Nintendo's Road to the NES

How a series of strange clone machines gave birth to the iconic Nintendo Entertainment System

Nintendo's Road to the NES
Source: Wikimedia Commons.

Nintendo is the most famous video game company in the world today. Much like “Hoover” became synonymous with vacuuming, and “Google” with online search, “Nintendo” — at least for a time — was the synonym for video games. The company’s rise as a video game powerhouse is legendary. The iconic Nintendo Entertainment System is generally recognised as a catalyst for the rebirth of an entire industry, especially given its role in helping video games to overcome the disastrous crash of 1983.

But did you know that the famous and much-loved NES is actually not Nintendo’s first home video game console?

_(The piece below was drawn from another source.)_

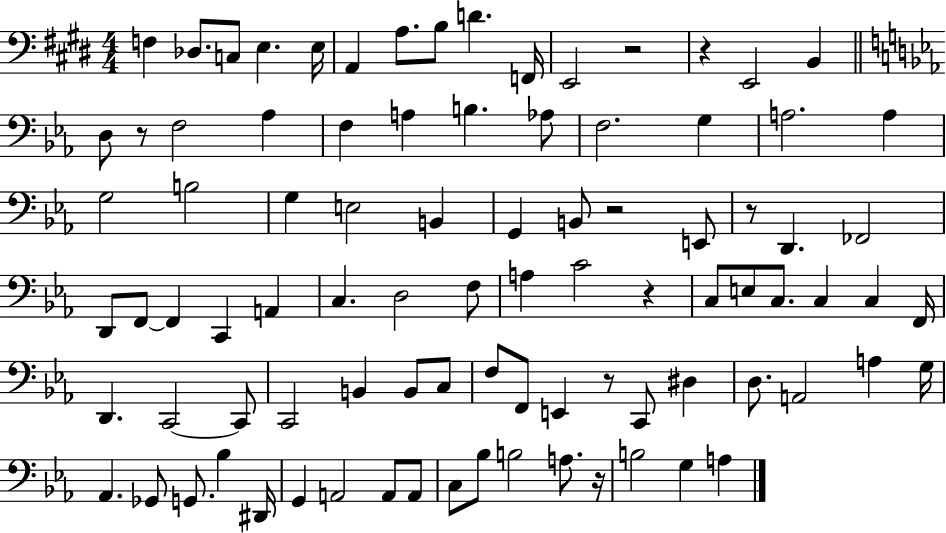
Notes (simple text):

In fact, Nintendo took several tentative steps into the field of electronic entertainment prior to the NES’s arrival. These steps marked the company’s transition from its traditional hanafuda playing card business to dominance of the video game industry.

1969

NINTENDO ESTABLISHES A “GAMES” DIVISION

Nintendo had greatly diversified its business throughout the 1960s, famously offering a wide range of products and services — from instant rice to a taxi service and even a “love hotel”. None of these ventures provided the explosive growth the company hoped for. It wasn’t until Hiroshi Imanishi — a bright young graduate from Doshisha University — arrived at the company that it made one of the most important moves in its history. Imanishi regularly managed key projects delegated to him by Hiroshi Yamauchi, Nintendo’s president. His task in 1969 was to form a brand new department simply called “Games”. This department contained Nintendo’s first ever research-and-development site, located in a warehouse in the Kyoto suburbs.

This new Games department was responsible for producing Nintendo’s first electronics products, thanks to its new komuki — engineering — division. The division was led by none other than Gunpei Yokoi, the man who would go on to create products such as the Game Boy and Virtual Boy.

Nintendo Beam Gun toy. Source: wecmuseum.org.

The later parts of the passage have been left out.